— WHAT YOU NEED TO DO —
Return all of the data exactly, omitting any images.

— DATA EXCERPT —
"""

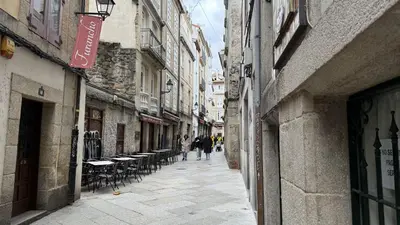 an alley with tables and chairs in a city at Apartamento Ourense Vello - en el centro del casco histórico in Ourense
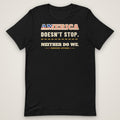 America Doesn't Stop Tee in black, front view laid flat showing the AMERICA DOESN'T STOP. NEITHER DO WE. front print with stars-and-stripes lettering.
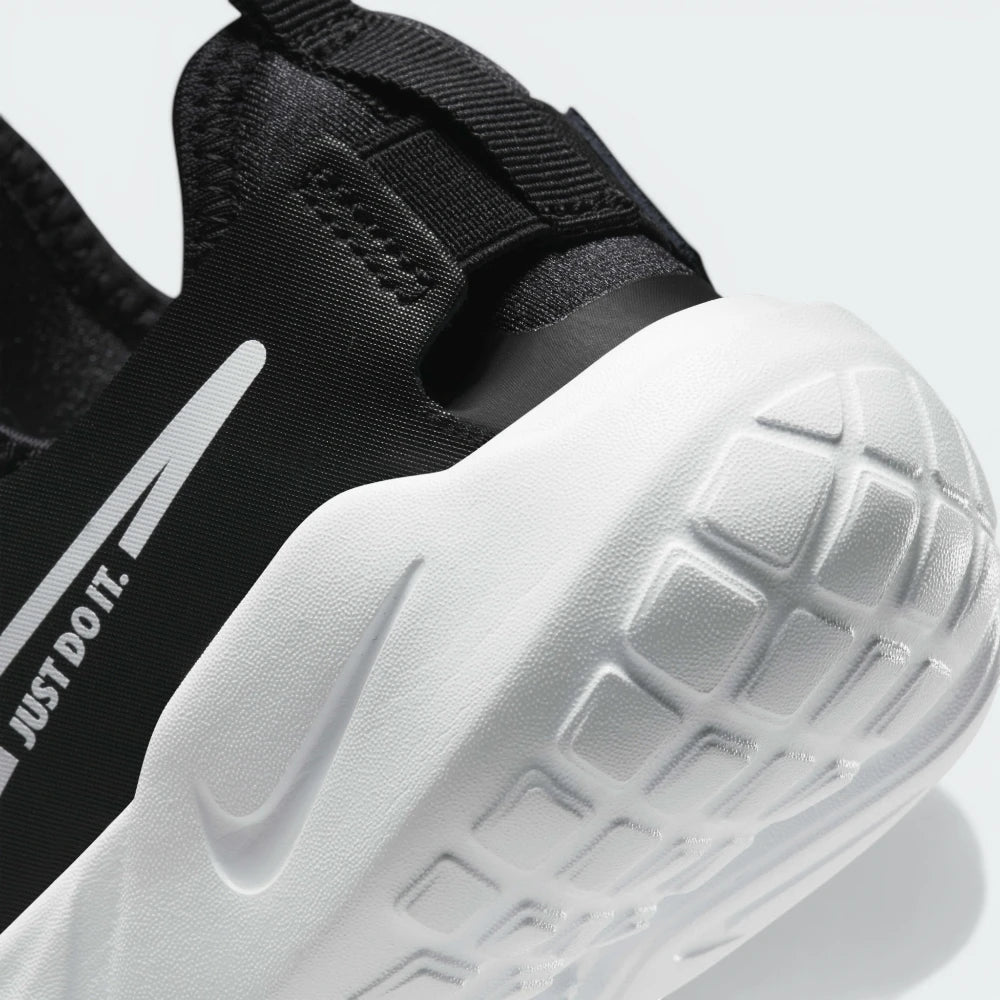 Highlights the springy foam layers and the deep grooves that allow for natural foot flex.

"""

— ANSWER FOR THE TASK —
 an alley with tables and chairs in a city at Apartamento Ourense Vello - en el centro del casco histórico in Ourense
 America Doesn't Stop Tee in black, front view laid flat showing the AMERICA DOESN'T STOP. NEITHER DO WE. front print with stars-and-stripes lettering.
 Highlights the springy foam layers and the deep grooves that allow for natural foot flex.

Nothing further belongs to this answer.